## What you need to do
When you output the entries, begin with the first line and end with the line containing "ayecheol's tweet photo.", keeping each line exactly as it is.
Available records START
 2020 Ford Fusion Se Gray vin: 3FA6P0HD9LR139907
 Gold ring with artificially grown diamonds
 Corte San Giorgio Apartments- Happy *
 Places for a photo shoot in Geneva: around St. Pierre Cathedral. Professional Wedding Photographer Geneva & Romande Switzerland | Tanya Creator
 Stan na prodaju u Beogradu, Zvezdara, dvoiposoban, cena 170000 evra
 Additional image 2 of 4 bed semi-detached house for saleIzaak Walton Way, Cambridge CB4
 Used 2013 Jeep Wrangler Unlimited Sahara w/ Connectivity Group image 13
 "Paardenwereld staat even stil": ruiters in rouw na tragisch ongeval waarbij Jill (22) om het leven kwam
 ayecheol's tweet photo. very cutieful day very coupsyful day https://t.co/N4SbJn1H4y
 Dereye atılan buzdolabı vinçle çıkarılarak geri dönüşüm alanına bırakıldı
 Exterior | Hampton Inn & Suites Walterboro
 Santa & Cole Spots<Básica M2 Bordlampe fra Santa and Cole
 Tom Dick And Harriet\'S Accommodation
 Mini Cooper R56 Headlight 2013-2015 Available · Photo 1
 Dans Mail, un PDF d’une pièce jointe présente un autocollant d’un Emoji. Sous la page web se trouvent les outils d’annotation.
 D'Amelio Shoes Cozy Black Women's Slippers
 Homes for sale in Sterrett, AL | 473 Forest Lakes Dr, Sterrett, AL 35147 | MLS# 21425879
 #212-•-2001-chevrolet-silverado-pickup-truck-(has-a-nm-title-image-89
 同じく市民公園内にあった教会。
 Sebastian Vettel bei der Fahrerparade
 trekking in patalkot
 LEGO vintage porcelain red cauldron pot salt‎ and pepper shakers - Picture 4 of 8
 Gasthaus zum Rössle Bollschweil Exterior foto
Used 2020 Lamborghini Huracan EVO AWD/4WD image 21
Available records END
## Response
 2020 Ford Fusion Se Gray vin: 3FA6P0HD9LR139907
 Gold ring with artificially grown diamonds
 Corte San Giorgio Apartments- Happy *
 Places for a photo shoot in Geneva: around St. Pierre Cathedral. Professional Wedding Photographer Geneva & Romande Switzerland | Tanya Creator
 Stan na prodaju u Beogradu, Zvezdara, dvoiposoban, cena 170000 evra
 Additional image 2 of 4 bed semi-detached house for saleIzaak Walton Way, Cambridge CB4
 Used 2013 Jeep Wrangler Unlimited Sahara w/ Connectivity Group image 13
 "Paardenwereld staat even stil": ruiters in rouw na tragisch ongeval waarbij Jill (22) om het leven kwam
 ayecheol's tweet photo. very cutieful day very coupsyful day https://t.co/N4SbJn1H4y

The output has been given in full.